People from all levels of society joined in, from mothers with toddlers to professionals, blue collar workers, grandpas, and of course, the student activists. Characteristic of Taiwanese events, they were all uniformly sporting the same colors—this time black and yellow—with many holding sunflowers as a symbol of hope.
“We must safeguard our island’s interests,” said Chin Mei Ching, a 29-year-old mother who was pushing her 1-year-old daughter in a buggy, in a Reuters report. “We have to guard against China using the economy to control us.”
President Ma asked to step down
Taiwanese President Ma Ying-jeou has consistently made ties between China and Taiwan closer and stronger since he took power, as he insists that increased trade with China is essential to maintain Taiwan’s economic competitiveness. However, many Taiwanese greatly distrust China’s intentions for their nation.
Taiwan split from China 60 years ago, when the Communist Party took over China.

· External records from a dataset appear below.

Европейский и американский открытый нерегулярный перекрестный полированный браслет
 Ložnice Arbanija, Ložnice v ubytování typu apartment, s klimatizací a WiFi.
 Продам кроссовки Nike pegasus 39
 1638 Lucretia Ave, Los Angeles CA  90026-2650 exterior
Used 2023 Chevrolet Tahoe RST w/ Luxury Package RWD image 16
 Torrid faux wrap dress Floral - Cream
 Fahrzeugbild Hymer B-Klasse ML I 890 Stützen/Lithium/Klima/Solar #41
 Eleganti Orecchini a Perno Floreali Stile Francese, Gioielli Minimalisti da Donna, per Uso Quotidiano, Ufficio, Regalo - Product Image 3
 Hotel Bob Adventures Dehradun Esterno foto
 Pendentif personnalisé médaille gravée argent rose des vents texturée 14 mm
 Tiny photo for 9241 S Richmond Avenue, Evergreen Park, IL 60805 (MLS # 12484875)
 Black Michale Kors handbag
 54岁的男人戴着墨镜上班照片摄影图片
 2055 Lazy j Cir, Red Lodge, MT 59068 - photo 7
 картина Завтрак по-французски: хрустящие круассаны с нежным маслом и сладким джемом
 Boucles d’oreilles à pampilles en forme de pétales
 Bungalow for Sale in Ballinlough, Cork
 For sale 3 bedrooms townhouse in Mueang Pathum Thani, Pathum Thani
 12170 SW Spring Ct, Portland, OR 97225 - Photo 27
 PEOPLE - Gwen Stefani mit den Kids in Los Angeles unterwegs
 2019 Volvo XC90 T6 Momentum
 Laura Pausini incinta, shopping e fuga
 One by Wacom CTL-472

Taiwan has staunchly remained independent, while China still considers it part of its territory.
Taiwan students fight back
Not being ones to sit back, Taiwanese students stormed Parliament on March 18, and ended up blockading the doors shut with furniture. They had asked President Ma to retract the trade agreement, and have it go through correct legal processes and be rewritten, and they also asked for an apology. But they were met with silence.
The protesters, at first mostly college students, say the trade deal with China could harm Taiwan’s economy, democratic system, and national security, according to CNN.
“The trade agreement was not supervised by the people of Taiwan, and benefits only big companies, and harnesses our jobs,” wrote iReporter George Chang to CNN.
However, Ma has said the protests will not impact the “potential for a meeting with Chinese President Xi Jinping,” according to a Reuters report. Both leaders have expressed interest in a ground-breaking meeting, though no details have been solidified.